According to a statement from Raskin's office:
For months, personnel from the Department of Homeland Security (DHS) and Immigration and Customs Enforcement (ICE) have employed military-style tactics in enforcement operations across Chicago, spreading fear, chaos, and violence. Such extreme enforcement tactics have only escalated since the Administration’s announcement of Operation Midway Blitz in September. In early October, President Trump went further, federalized the National Guard—over the objections of Illinois Governor JB Pritzker—and ordered troops to Illinois to enable these unlawful and unconstitutional assaults on Chicagoland residents.
In October alone, DHS personnel have shot two people and publicly advanced self-serving narratives that were immediately contradicted by body camera and surveillance footage, handcuffed an Alderperson at a hospital checking on the welfare of a constituent being detained by ICE, indiscriminately deployed tear gas in front of a public school and against civilians and local law enforcement, placed a handcuffed man on the ground in a chokehold, shot a pastor in the head with a pepper ball, thrown flashbang grenades at civilians, and raided an entire apartment complex and reportedly zip-tied U.S. citizens, children, and military veterans for hours.

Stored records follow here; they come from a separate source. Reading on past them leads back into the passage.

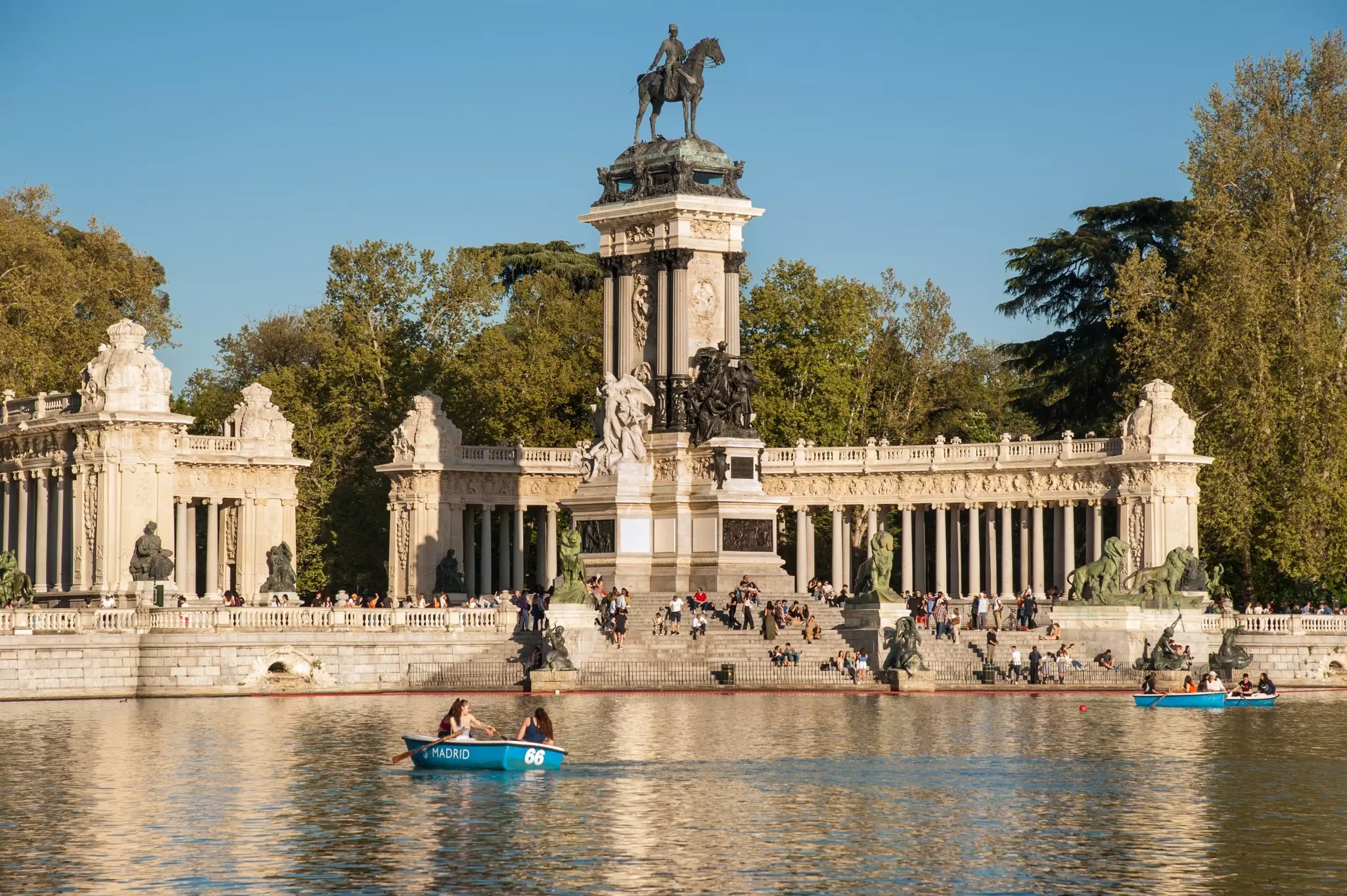 Natural landscape, large lake and historic monument to Alfonso XII, in Parque del Retiro, Madrid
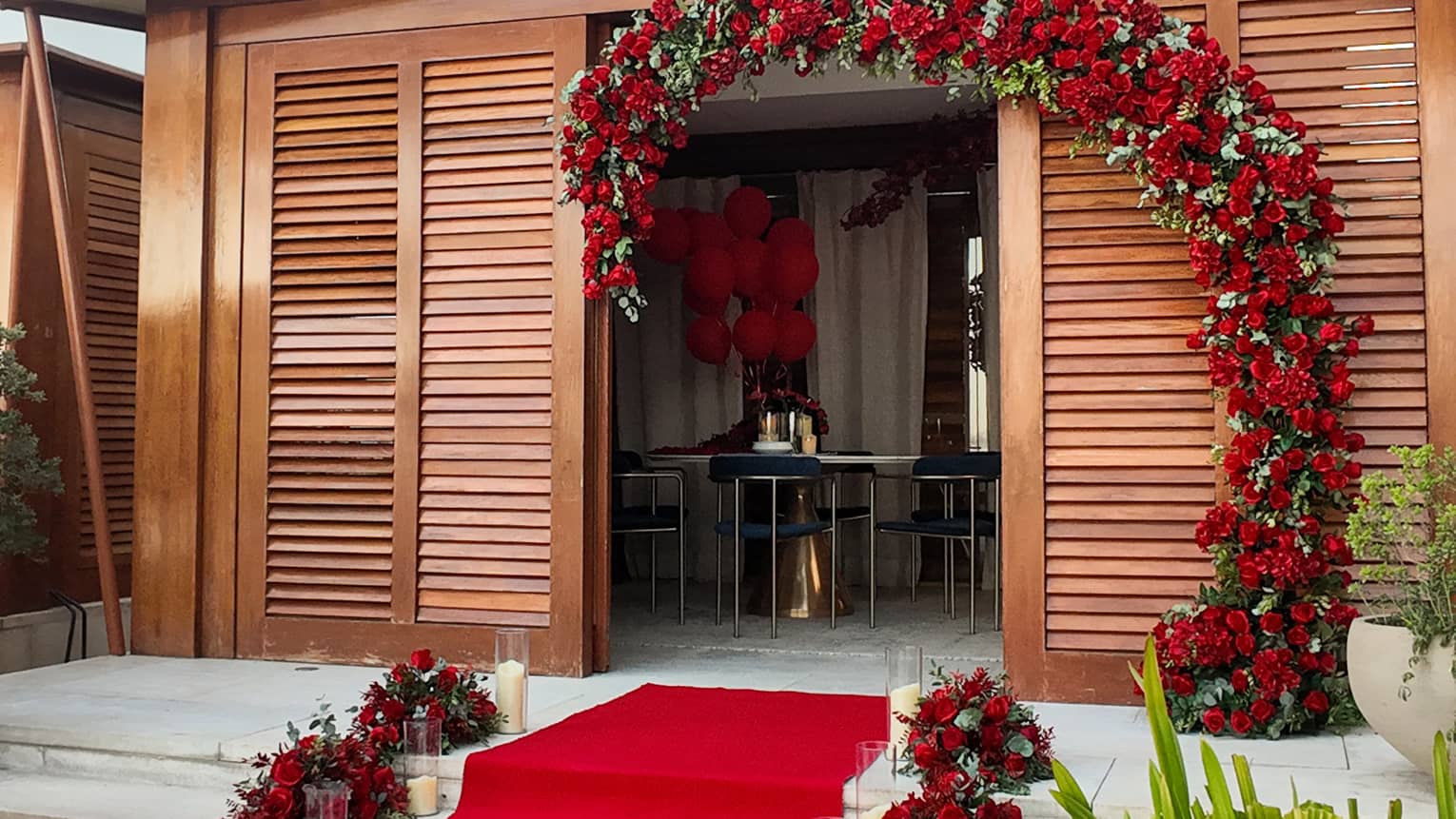 Poolside cabana entrance decorated with a red carpet lined with candles and a floral arch made of red roses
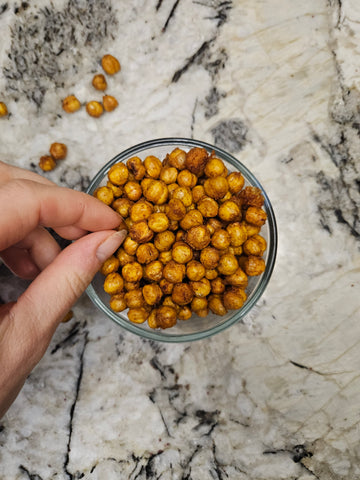 a glass bowl of seasoned and air fried chick peas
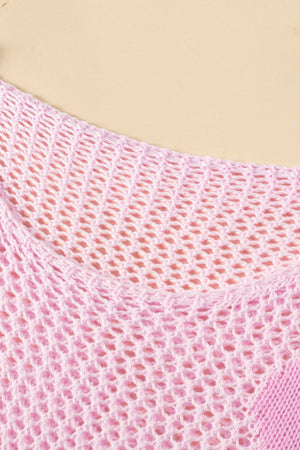 Blush pink openwork knit sweater with a crew neck and intricate floral intarsia detail.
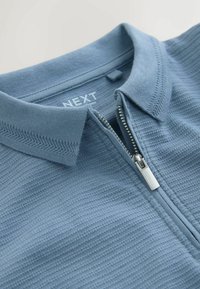 Világoskék pólóing, texturált anyagból, cipzárral és bordázott nyakkal. A címke ezt írja: "NEXT."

In a letter addressed to Trump, Secretary of Homeland Security Kristi Noem, and Acting Director of Immigration and Customs Enforcement Todd Lyons, the 18 Democratic members of the committee, including Rep. Jesús “Chuy” García, who represents the Chicagoland district, said, "The Administration claims the mantle of law and order, yet its actions in the Chicagoland
area demonstrate it is a catalyst for lawlessness and dysfunction."
"Violently abusing residents, kidnapping parents and children and disappearing them into detention facilities without access to basic necessities, and illegally deploying the militaryagainst a great American city," the letter continues, "does nothing to make anyone safer—in fact, it jeopardizes the safety and well-being of every community members."
Demanding a halt to the attacks by federal agents in Chicago, the lawmakers said "[t]he American people want a common- sense approach to public safety and immigration, not violent tactics that traumatize and destabilize communities. They want leadership, not theater. We urge you to step back from the brink and use your positions to enhance public safety, instead of undermining it."